How to Make Bicycle Baskets out of Wastebaskets

Reader Contribution by Lindsey Siegele

My husband and I live in a small apartment. We adore our modest space, and it provides nearly everything we need for the time being. However, when I write blogs about How to Build Your Own Reading Nook or how to Make Your Own Homemade Hammock, I can only glance around at my small home and longingly think, someday.

“Someday” came a lot sooner than I had expected, when I finally found a Do-It-Yourself article tailored specifically to my needs: Low-cost Bicycle Baskets. My husband and I are a one-car family, which didn’t become a problem until recently when I began working three times a week at a fair distance from home. He got a job in our town, and our bus system is just slow enough to get him to work in the time that it would take him to walk there (and back some days). Needless to say, we needed a fix, and buying another car was not an option.

We decided to buy him a bicycle, which was, in and of itself, quite a chore. We bought a beautiful dark-blue 10-speed with a rear rack, unassembled. We lugged the box into our apartment, where it took up the majority of the space in our living room, and I, the “handyman” of our family, began the assembly process. I remember thinking, “How hard could it be?” right before I opened what this bicycle company had the gall to call “instructions.”

An hour later, I was sitting on the floor, close to tears, surrounded by tools and glaring hatefully at those “instructions,” which were printed in a font size so small that my 20/20 eyes could barely read them. The numerous tiny diagrams–bike parts were labeled with numbers, yet no numbers were ever defined–stared back at me from the pages, mockingly.

Today, my husband has a fully-assembled bike, but only after more excitement. He took the first bike back to the store and begged a worker for help. Then he came home and took his newly-assembled bike for its first ride…and all of its chains fell off. Muttering under my breath that buying a brand new car would be worth avoiding this nonsense (I may be the family handyman, but I’m also the designated drama queen), we trudged back to the store and took the floor model this time. No problems so far, fingers crossed.
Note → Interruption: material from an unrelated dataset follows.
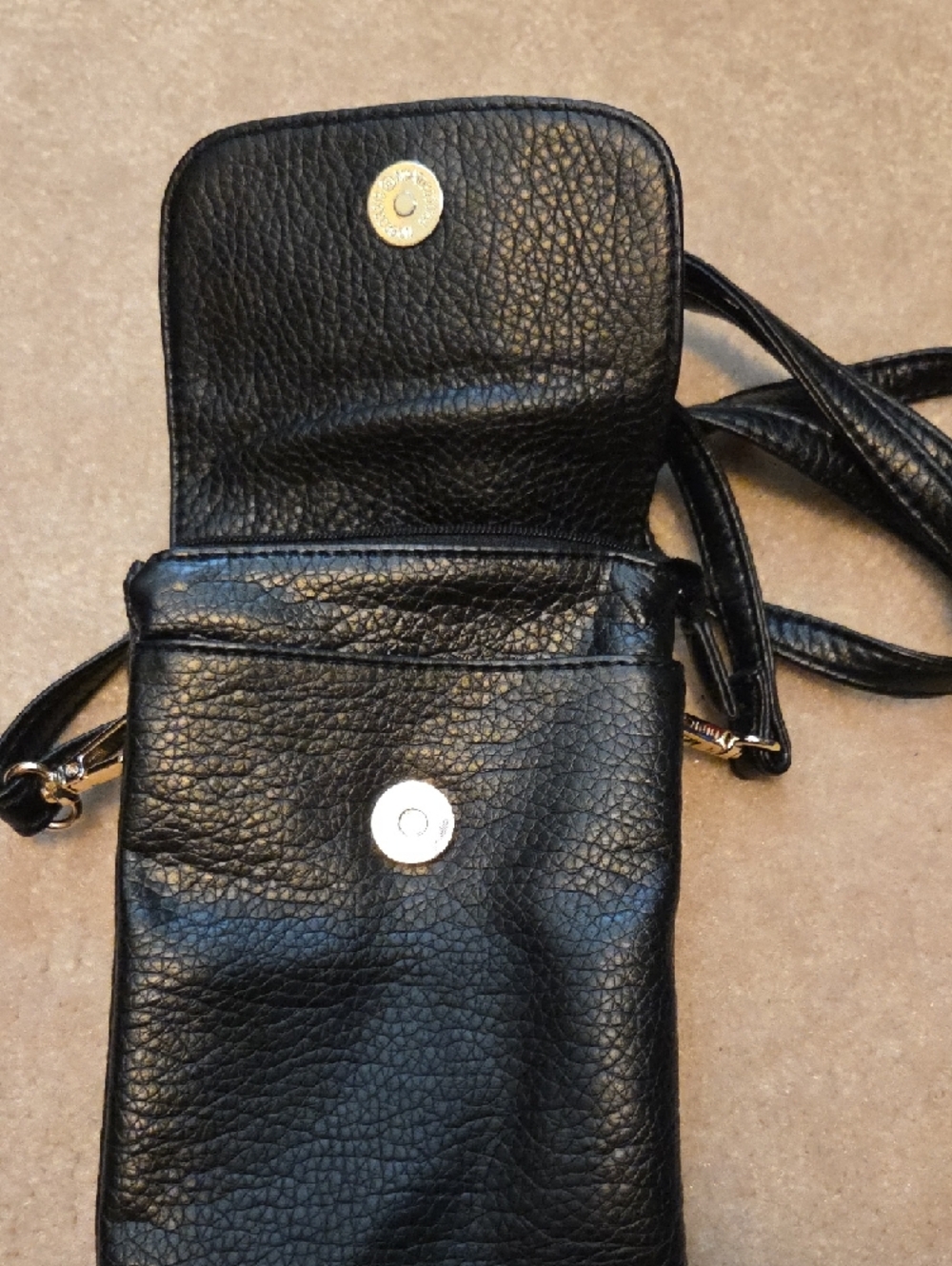 Black Crossbody Phone & Essentials Bag - Women - Picture 2 of 5
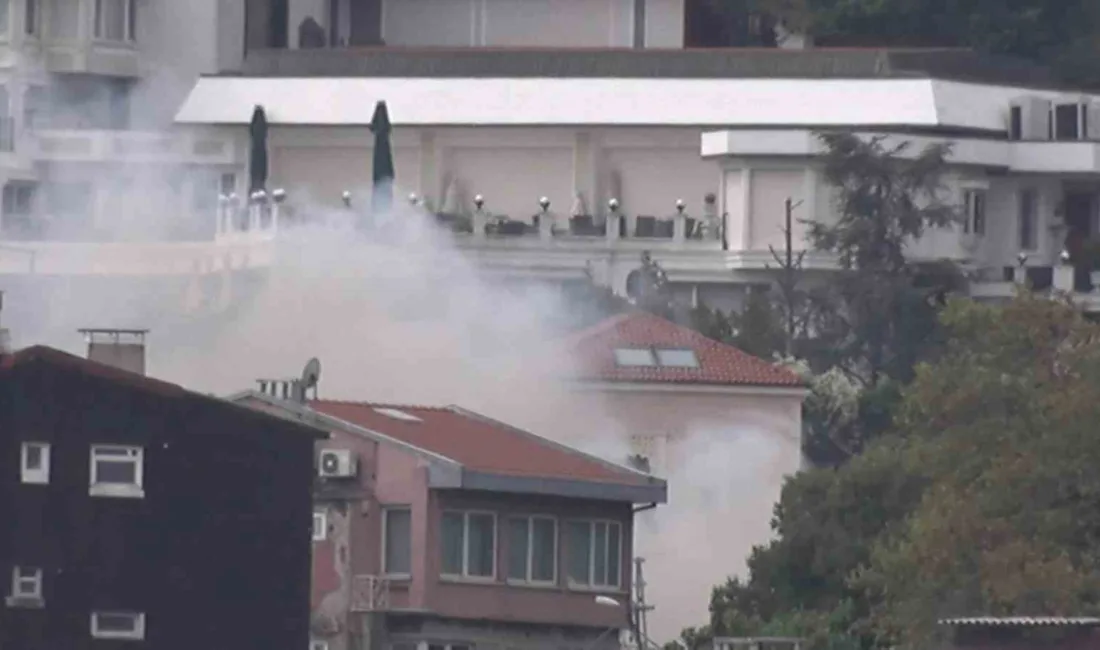 İstanbul’un Beşiktaş ilçesinde 4 katlı ahşap bina alev alev yandı.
After all of that pain and torture, I finally talked myself into starting the project that I had assumed would be at least as tedious as the bike assembly: tying baskets to the rack. My husband had been concerned, and rightfully so, about taking small errands to the grocery store on his bike and then trying to cart the bags back home. Baskets were our best bet, and we needed them to be durable.

It’s hard for me to express my gratitude for a project that is simple, takes only a few minutes and delivers. We bought a couple of cheap plastic trash cans and rope, tied it all together on the rack, and now my husband can grocery shop to his heart’s content without needing our car. Best of all, we’re saving on gas, and our carbon footprint will stay small.

I learned through Tax Credit for Bicycle Commuting that my husband may be able to score $20 a month just for riding his bike to work a few times a week or more. Maybe the whole thing will be worth it after all.